Ekman and Friesen stated that nonverbal information contains emotions and the feature of interaction between multiple people [37]. Effective use of nonverbal communication supports facilitating meetings and allows speakers to make attractive statements. Moreover, it is easier for listeners to understand the statement. Morency et al. used a robot to collect human head movements by camera while asking questions. They aim to collect participant’s head nods and head shakes. The recognition rate was 73% for head nods and 83% for head shakes [38]. Yu et al. used optical motion capture in order to collect nonverbal behaviors during a meeting. This approach allowed collecting nodding recognition of 76.4% and head shaking recognition of 80.0% [39]. A. Onishi and Terada used the IMU sensor to collect participant’s head movements [40]. They achieved the recognition of 97.5% in utterance, 52.4% in nodding, and 53.6% for looking around actions. The advantage of the nonverbal data analysis is to lower the risk of privacy issues. It does not contain utterance information of each meeting. Moreover, it is an effective way of understanding emotions and the features of interaction between multiple people [37].
The disadvantages of previous research studies are the inconveniences and restrictions of the system settings. Connecting IMU sensors to the participants each time before a meeting is inconvenient. The preparation of a robot inflicts restrictions in terms of the location for holding the meeting. In order to create sustainable data collection or the sustainable use of the system, it must be simple, possess fewer devices and possess low restrictions of the use case environment.

3. Proposed Method

This section introduces the procedures of creating a dataset and the method for feature extraction, detection, and classification.

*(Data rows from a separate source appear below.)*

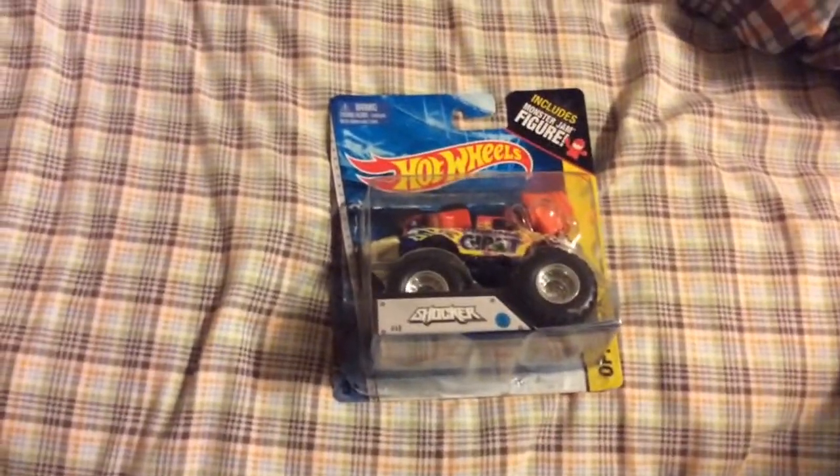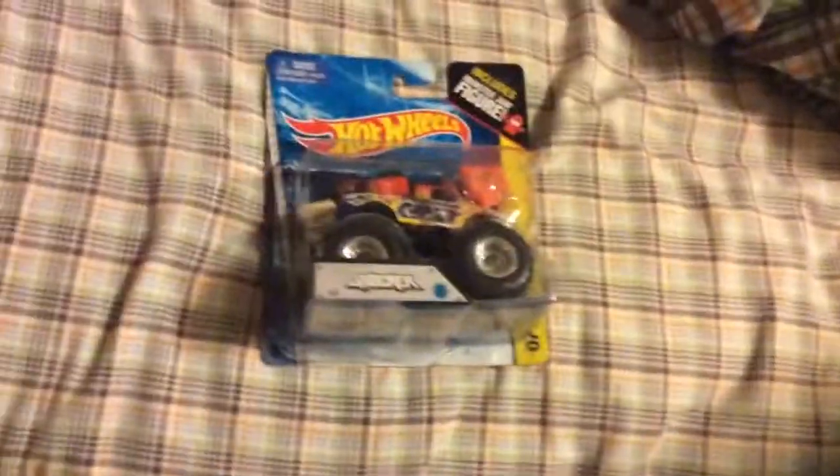So, guys, I just got this truck from Walmart or something, and I'm just gonna show you the fastest way to open a truck. So, here's the fastest way to open a truck.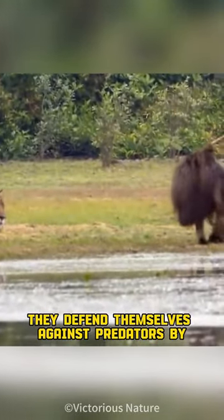They defend themselves against predators using their claws as well — like the jaguar. So you don't want to mess with them.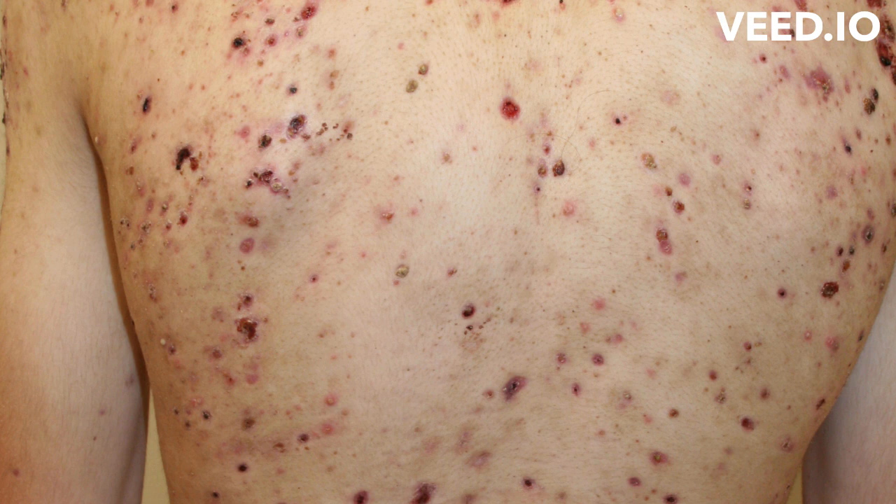Hormonal changes related to pregnancy can also cause acne. Researchers believe that you may be more likely to get acne if your parents had acne. Certain medications, such as those that contain hormones, corticosteroids, and lithium, can cause acne. People of all ages can get acne, but it is more common in teens.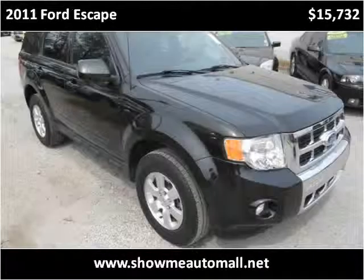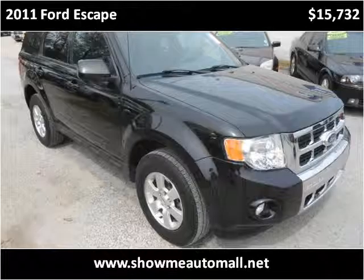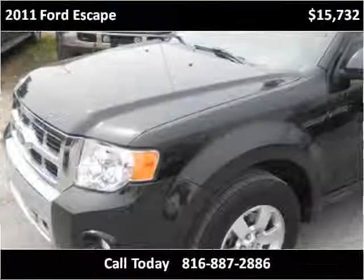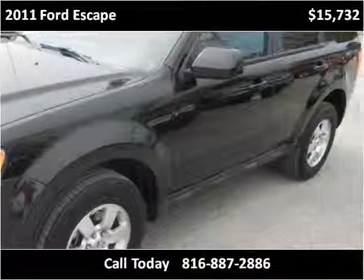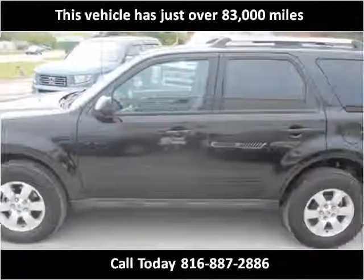This 2011 Ford Escape is available from Show Me Auto Mall. This vehicle has just over 83,000 miles.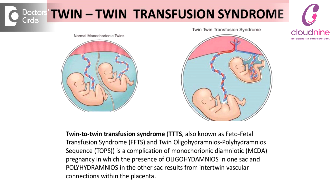Normally there is no gradient between the two, so it is balanced. But if there is a gradient, what happens is the blood flows more from one baby to the other baby, so that one baby acts like a donor and the other one acts like a recipient.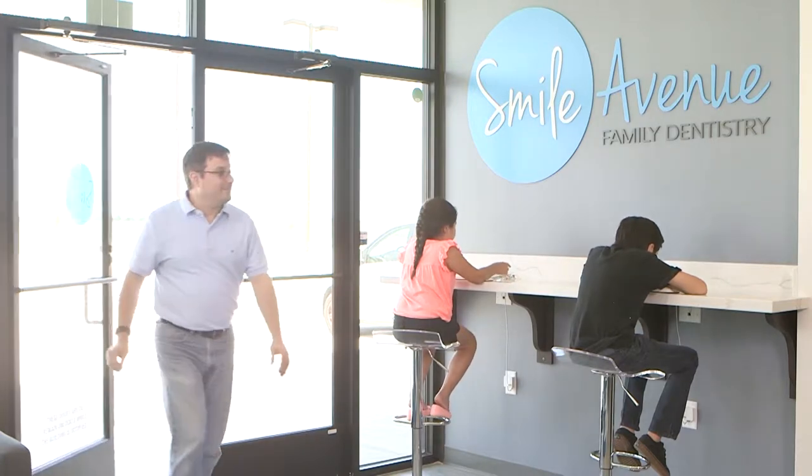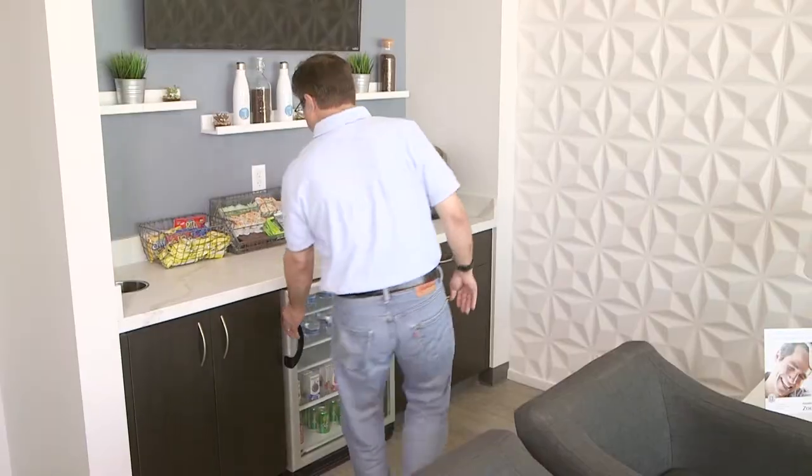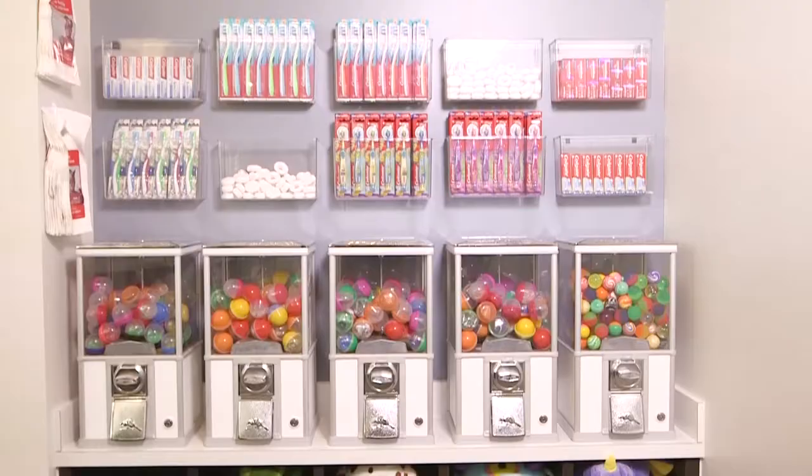They have iPads for the kids to keep them entertained while we wait, and that's always a positive for me. They also have a snack bar and little toys for the children, which really helps me because if I have to fill out paperwork, they're entertained and I won't have to worry about them running around screaming.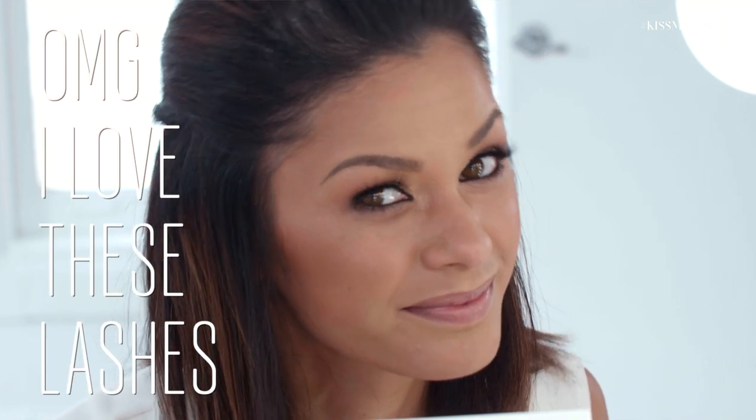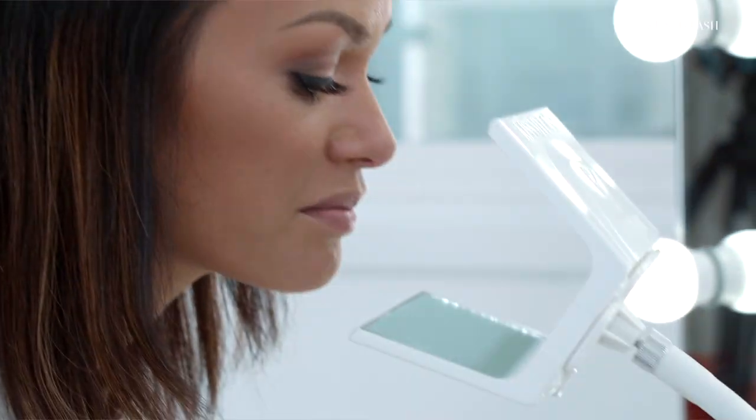OMG I love these lashes and this mirror made it so easy. I'm in love, I love these.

3.1. Offline Meeting Data Recording

Figure 3 shows an overview of our data recording setup for offline meetings. We utilized a 360 degree camera, RICOH THETA V [41]. The frame rate was 29.97 fps, and the resolution was 3840 × 1920 pixels. The camera was located at the center of a circular table. The camera records all participants in the same time series. At each trial, the participant’s upper body, especially their face, must be clearly seen. We decided to record the data for a maximum of 10 min. The annotations of each action were performed by the participants.

3.2. Online Meeting Data Recording

We collected data of online meetings using Google Meet [42]. The frame rate was 30.00 fps, and the resolution was 1280 × 720 pixels. In each meeting, a range of three to four participants joined each meeting. The meeting was held for 5 min. Each time, the participant must turn on their video to show their faces. The annotation is performed by annotators.

3.3. Annotation of Micro-Behaviours

The annotations of micro-behaviors are performed by using ELAN [43] shown in Figure 4. ELAN is a GUI annotation tool for audio and video recordings. The users can choose to set any labels for the annotation. The participants are asked to annotate the time duration of each micro-behaviour. For our approach, nodding and speaking are within the scope of the annotation. Participants annotated right after each meeting session was completed. The annotated data are extracted as a csv file.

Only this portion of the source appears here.